Renowned cellist Yo-Yo Ma’s new album Notes for the Future is a series of intimate and heartfelt studio collaborations with singers from five continents. The album’s nine tracks feature Ma with well-known divas and a few names new to me: Angélique Kidjo, Mashrou’ Leila, Tunde Olaniran, Jeremy Dutcher, Andrea Motis, ABAO, Lila Downs and Marlon Williams.
Ma, United Nations Messenger of Peace, writes that this album’s global musical journey explores “how culture can help us imagine and build a better world, featuring vocals in Arabic, Zapotec, Catalan, Paiwan, Spanish, Mi’kmaq, Wolastoqey, Ewe, Maori, and English.” Celebrating the “wisdom of the generations that were and the possibility of those to come,” Ma aims to express “our fears and hopes, reminding us that the future is ours to shape, together.”
Given that stirring mission statement, how does Notes for the Future deliver musically?

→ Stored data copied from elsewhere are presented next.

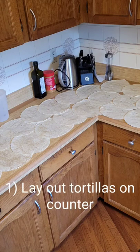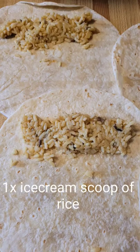Alright everyone, so today we are going to be making a bunch of burritos. As you can see I've laid out about 30 burritos over the counter.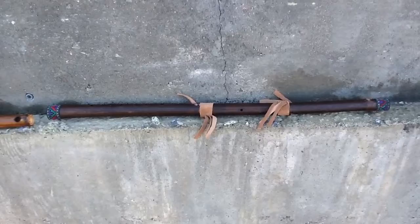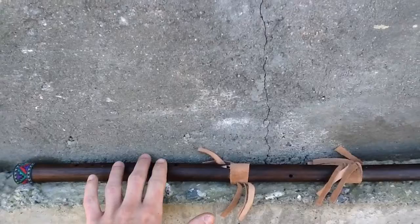The second one is a standard Native American style flute, and it has two playable sides. So you blow air in the center here, and you are fingering this side, and this side provides the drone note.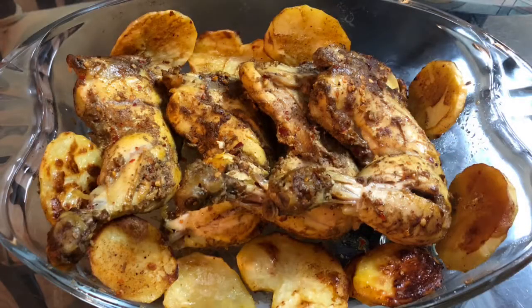Chicken thick pieces with baked potatoes are ready. If you liked this recipe, please give me a thumbs up and subscribe to my channel.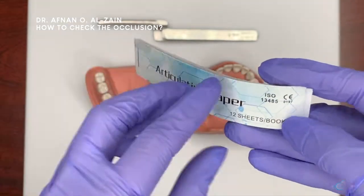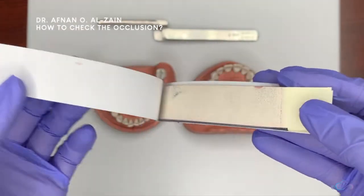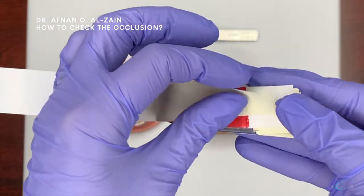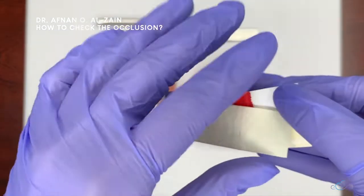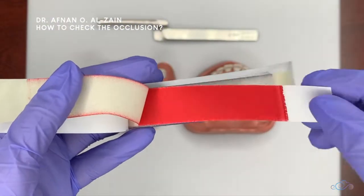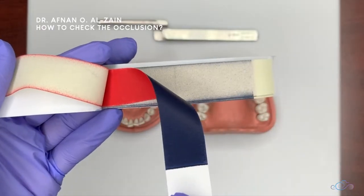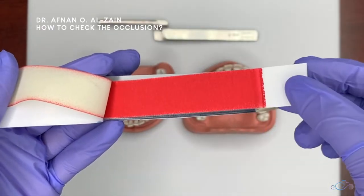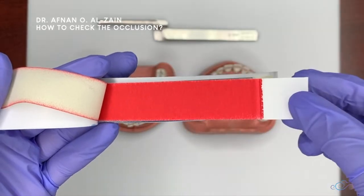We check occlusion using the articulating paper, and typically it comes in a booklet. You can see it has clear sheets that we're not going to use, and then there is the carbon paper. Sometimes it comes in one color for older booklets, or as you can see here, it comes in two colors.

To answer, I’d like to focus on Honor Song, the collaboration between Ma and tenor-composer Jeremy Dutcher. Juno and Polaris Prize winner, Dutcher, a member of the Tobique First Nation in New Brunswick, describes Honor Song as “a Mi’kmaq anthem […] that invokes our collective responsibility to care for the planet we share.” Dutcher’s soaring and emotion-filled Wolastoqey vocal is brilliantly counterpointed by Ma’s lyrical bass-heavy cello and powerful chordal accompaniment.
Dutcher wrote: “This collaboration changed my life, and I’m so grateful to him for sharing his platform and allowing so many more people to hear our songs + languages!” I found the entire album a stirring journey.